- Assignment:
Restate word for word the opening line of the data below and every line after it until the line with "Coordinating Economy Minister", that line too, but not the pictures.

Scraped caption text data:
************
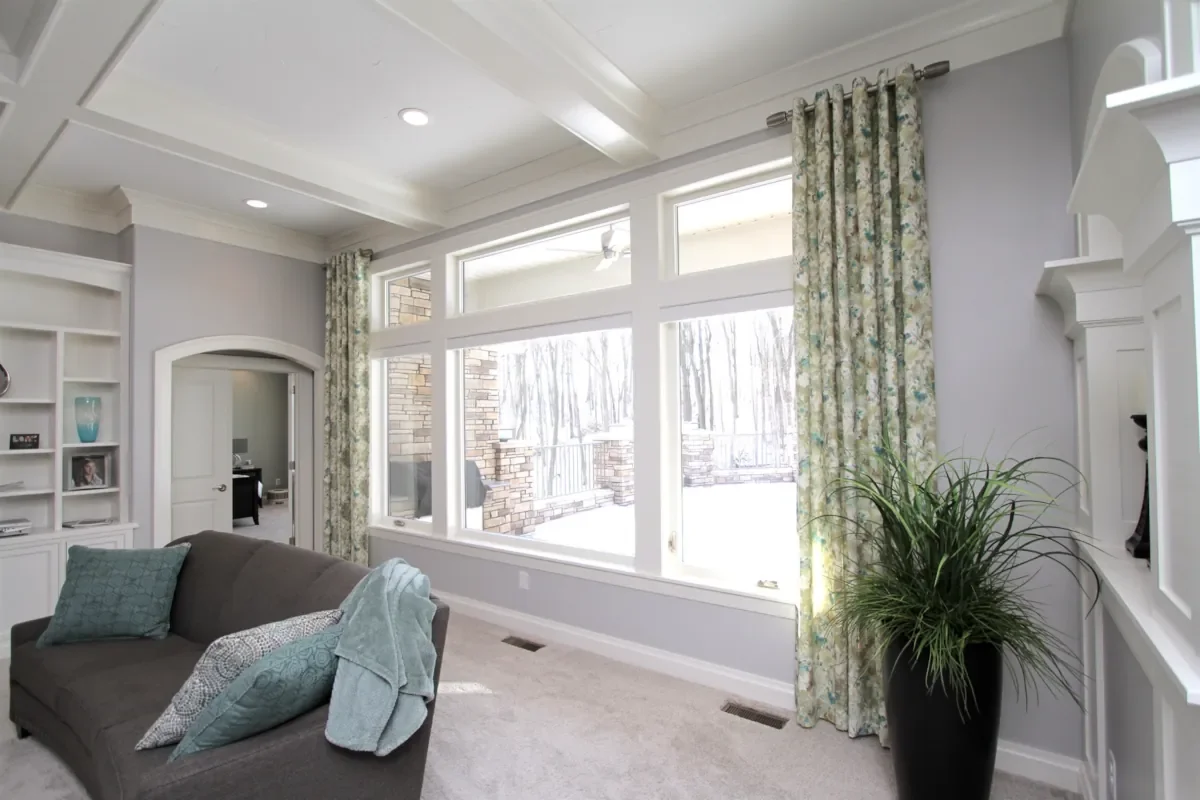 Living room with large windows, gray sofa with blue and gray pillows, patterned curtains, white built-in shelves, and a potted plant in a black vase.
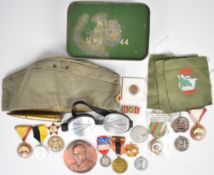 Small collection of badges including Belgium King Albert 1909 - 1934, Spanish Jose Antonio, France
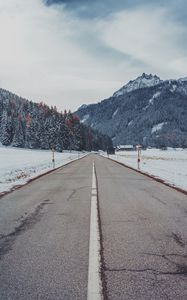 Preview wallpaper mountains, road, snow, marking, trees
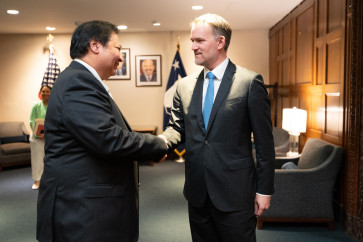Coordinating Economy Minister Airlangga Hartarto (left) shakes hands with United States Trade Representative (USTR) head Jamieson Greer following a meeting on reciprocal tariff policy in Washington on July 10, 2025.
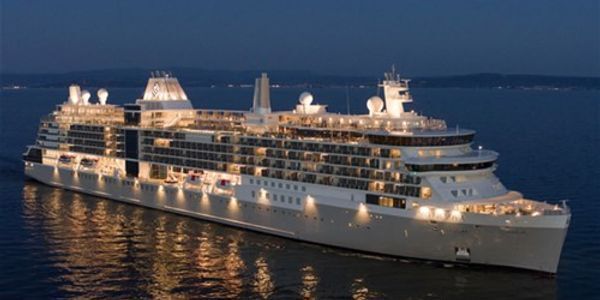 Cruise ship sailing on dark water at dusk.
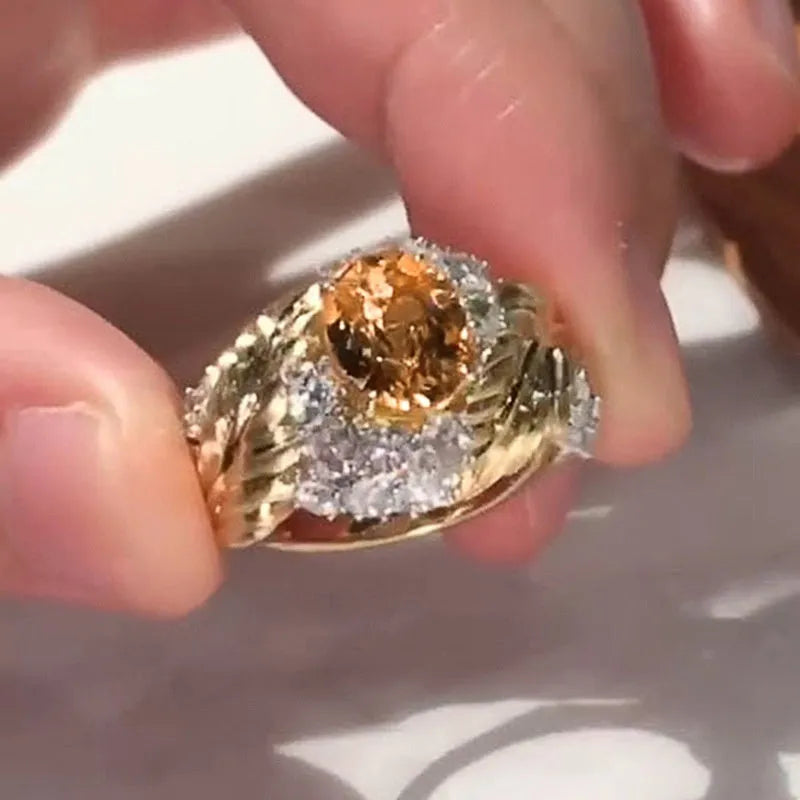Gold-coloured embossed feather ring for women with an inlaid yellow zircon stone.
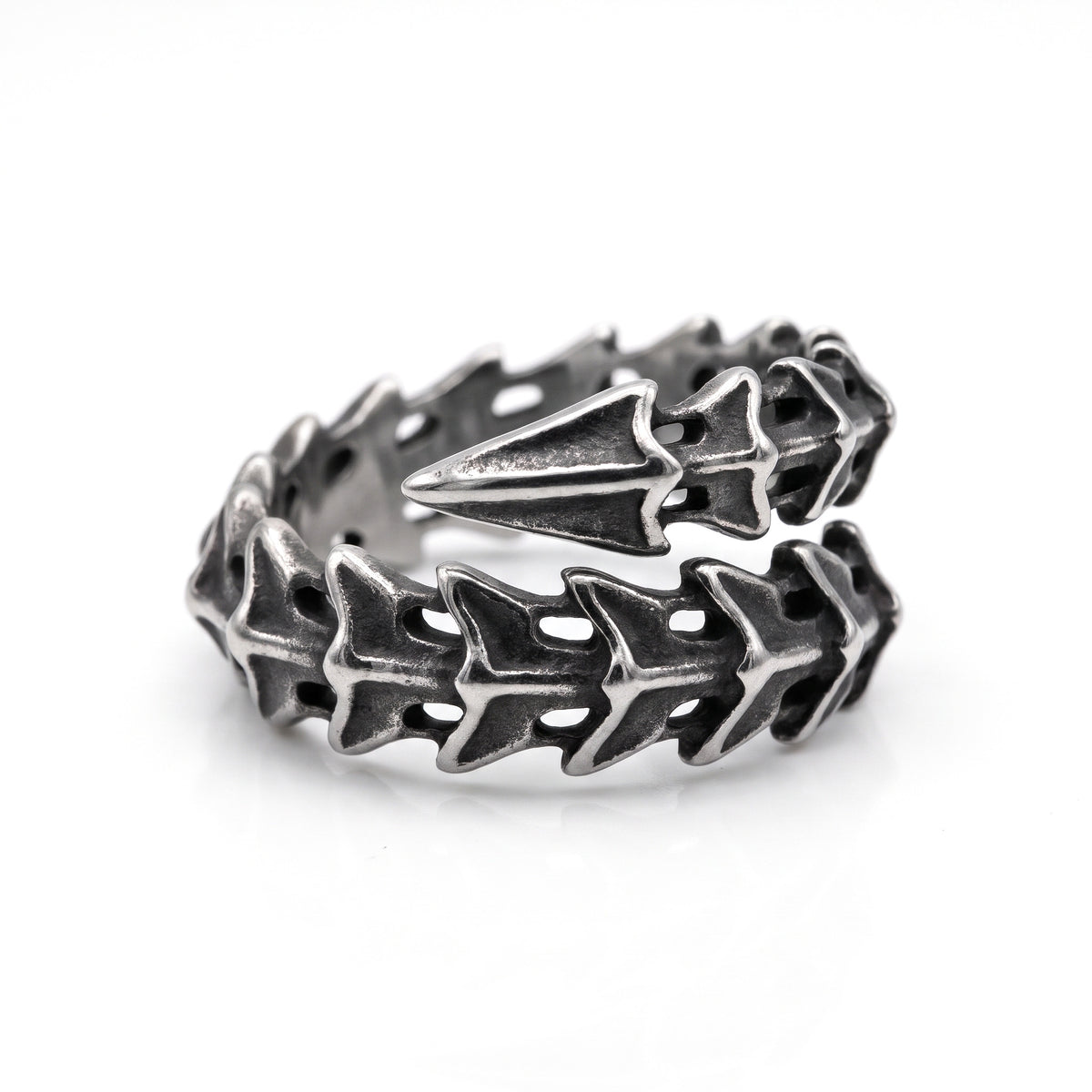 Vertebra dragon bone wrap ring in stainless steel, angled view from above on white background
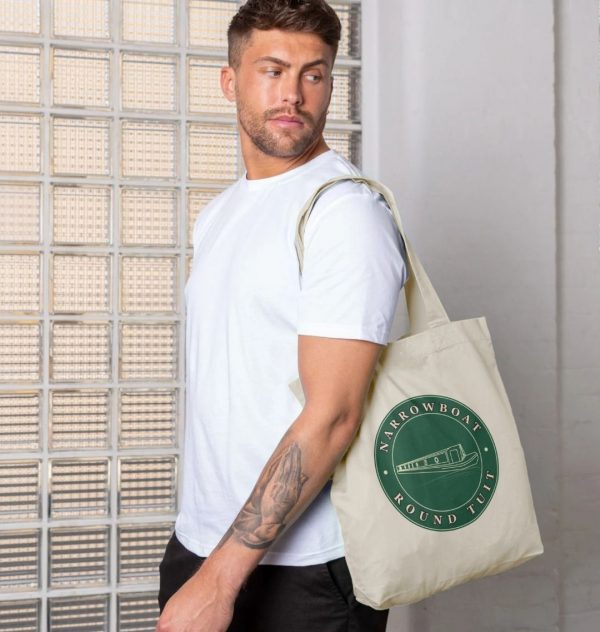 A photo of a man holding a natural coloured tote bag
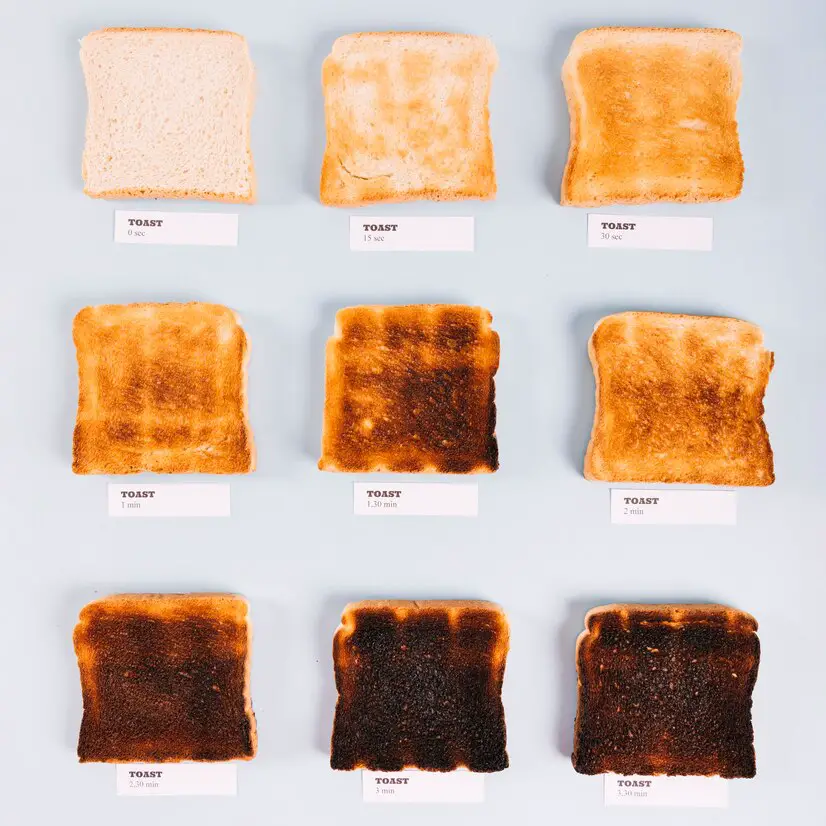 top view bread slices varying stages toasting white background 23 2147926620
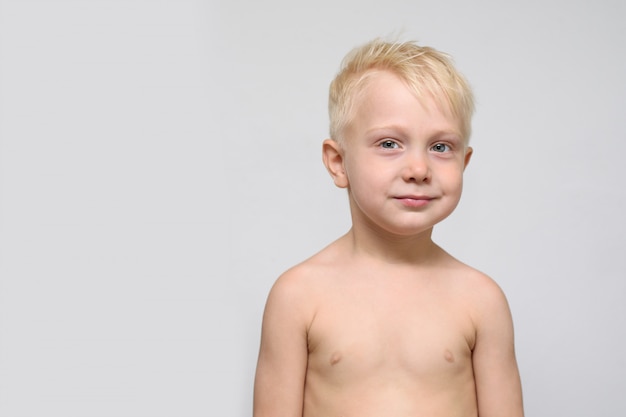 Bonito rapaz loiro sorridente sem camisa. Retrato. Espaço para texto. fundo branco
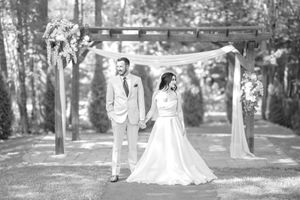 Black and white photo of bride and groom holding hands under a decorated wooden arbor at an outdoor wedding ceremony.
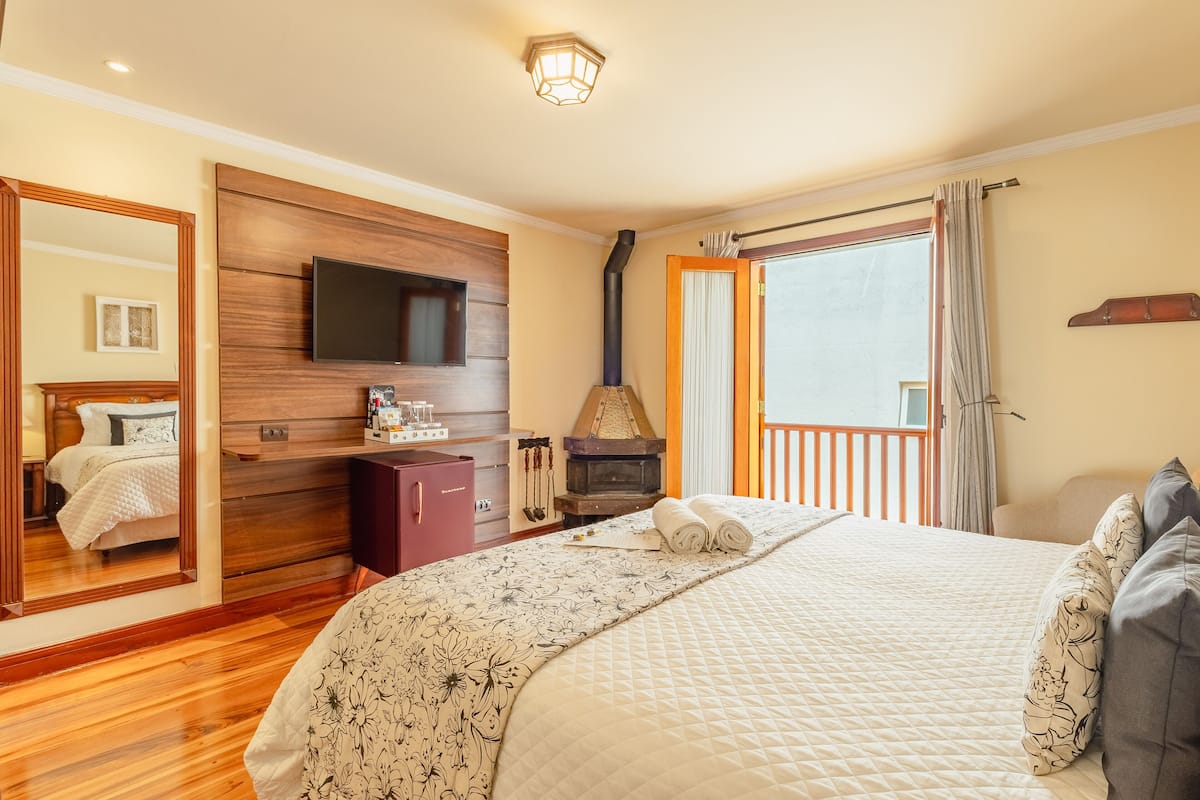 A bedroom with a large bed, a television mounted on a wooden panel, a fireplace, and a balcony with curtains.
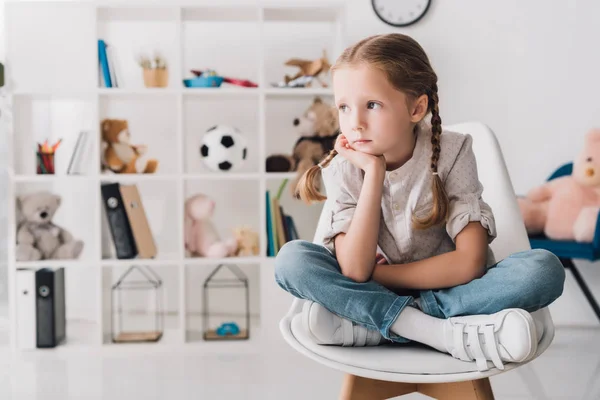 Petit enfant solitaire assis sur une chaise devant des étagères avec des jouets et regardant loin — Photo de stock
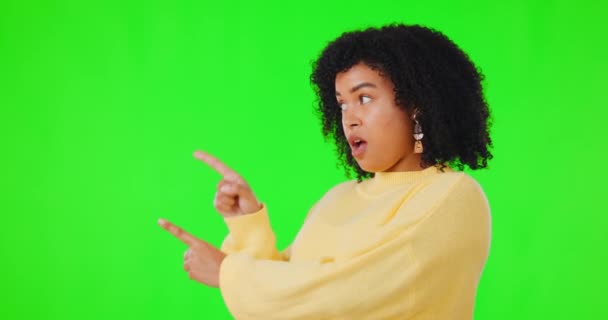 Green screen, pointing or woman shocked by news announcement or marketing mockup space. Face, omg or hands of surprised person on studio background to show flow chart info, deal offer or choice list. - Footage, Video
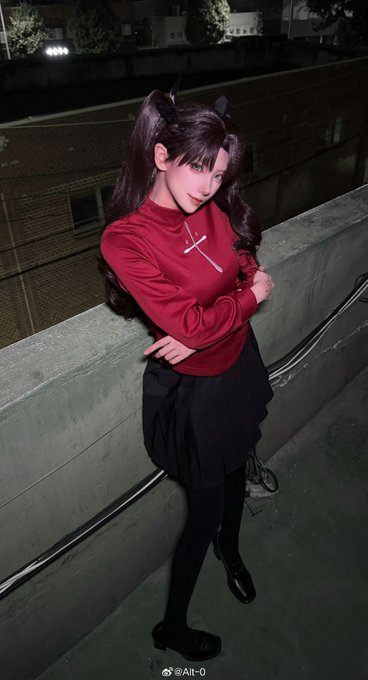 A cosplayer portraying Rin Tohsaka from Fate/stay night stands on a rooftop at night, wearing her signature red top, black skirt, and twin-tails hairstyle. The watermark "Alt-0" appears at the bottom, matching the poster's username, suggesting this is a cosplay photo shared by that user.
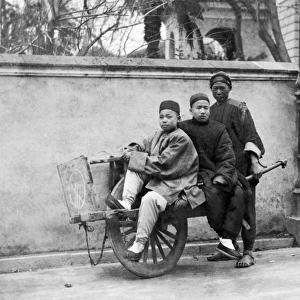 Riding on a wheelbarrow, China
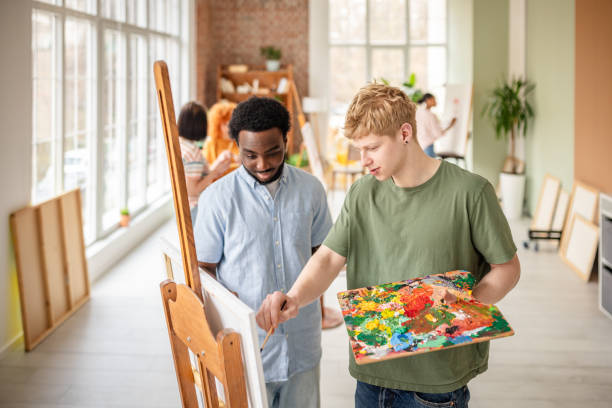 istock Young artists collaborate in a vibrant art studio, sharing creative insights and techniques during a lively workshop session 2206065949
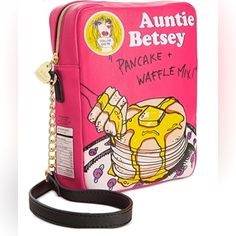 Nwot Betsey Johnson Auntie Betsey Pancake & Waffle Mix Crossbody Shoulder Bag Purse. Betsey Johnson 100% Authentic Rare Find! Style: Kitsch Crossbody Style Name: Auntie Betsey " Pancake & Waffle Mix " Body: Polyurethane Lining: Polyester Long Polyurethane And Gold Toned Chain Shoulder Strap W 25" Drop. Back Bottom Signature Betsey Johnson Name Plate. Top Zipper Closure W Metal Signature Betsey Johnson Lips Zipper Pull. Pink Rose Print Signature Betsey Johnson Polyester Inner Lining. Inside Betsey Johnson Name Plate. 1 Main Inside Compartment Nwot No Issues Measurements: Length 7.5", Height 9", Width 2.5" Novelty Purses, Betsey Johnson Purses, Unique Handbags, Betsey Johnson Handbags, Waffle Mix, Pancake Mix, Novelty Bags, Pink Handbags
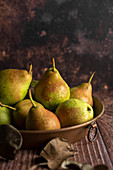 Fresh pears in a copper baking pan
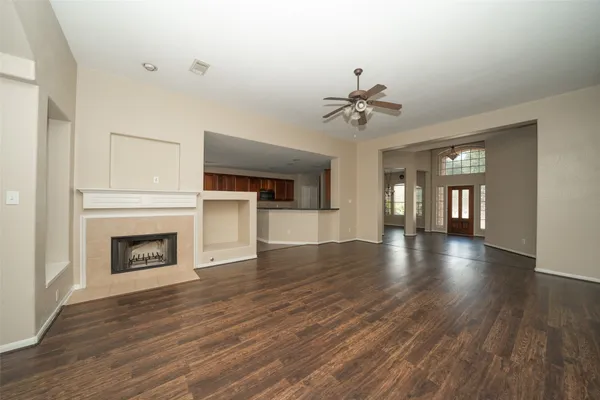 an empty room with wooden floor fireplace and windows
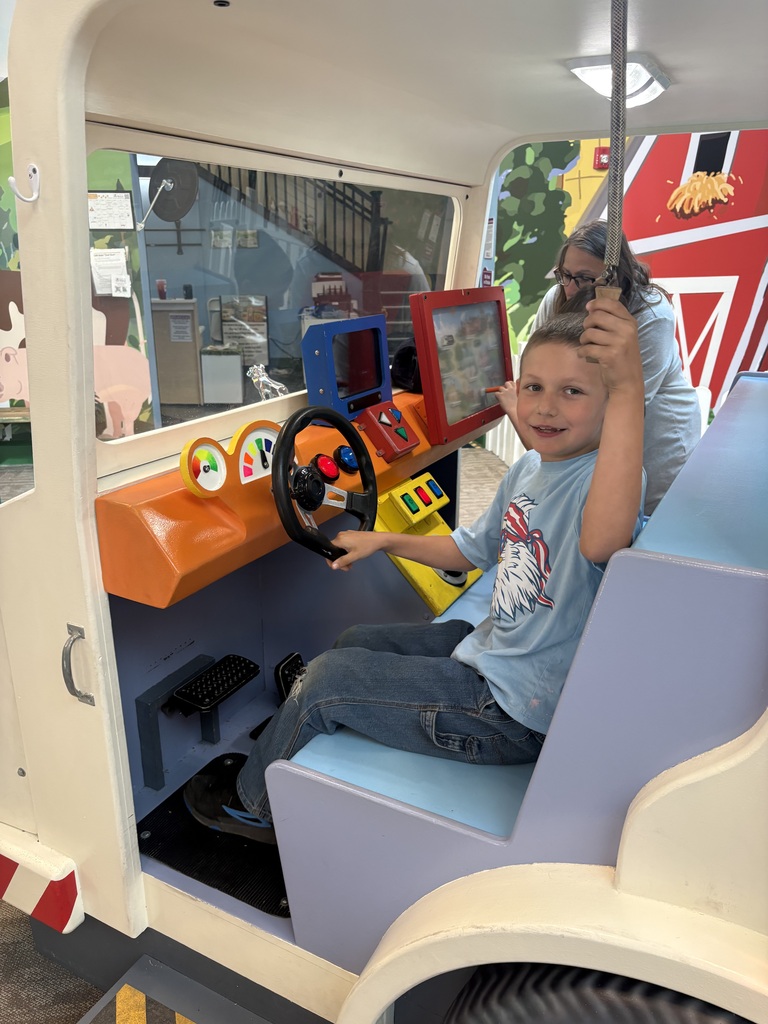 A young student sits in the driver's seat of a large interactive vehicle exhibit, holding a rope control while operating buttons, screens, and a steering wheel. An adult stands behind him.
************
- Expected answer:
 Living room with large windows, gray sofa with blue and gray pillows, patterned curtains, white built-in shelves, and a potted plant in a black vase.
 Small collection of badges including Belgium King Albert 1909 - 1934, Spanish Jose Antonio, France
 Preview wallpaper mountains, road, snow, marking, trees
Coordinating Economy Minister Airlangga Hartarto (left) shakes hands with United States Trade Representative (USTR) head Jamieson Greer following a meeting on reciprocal tariff policy in Washington on July 10, 2025.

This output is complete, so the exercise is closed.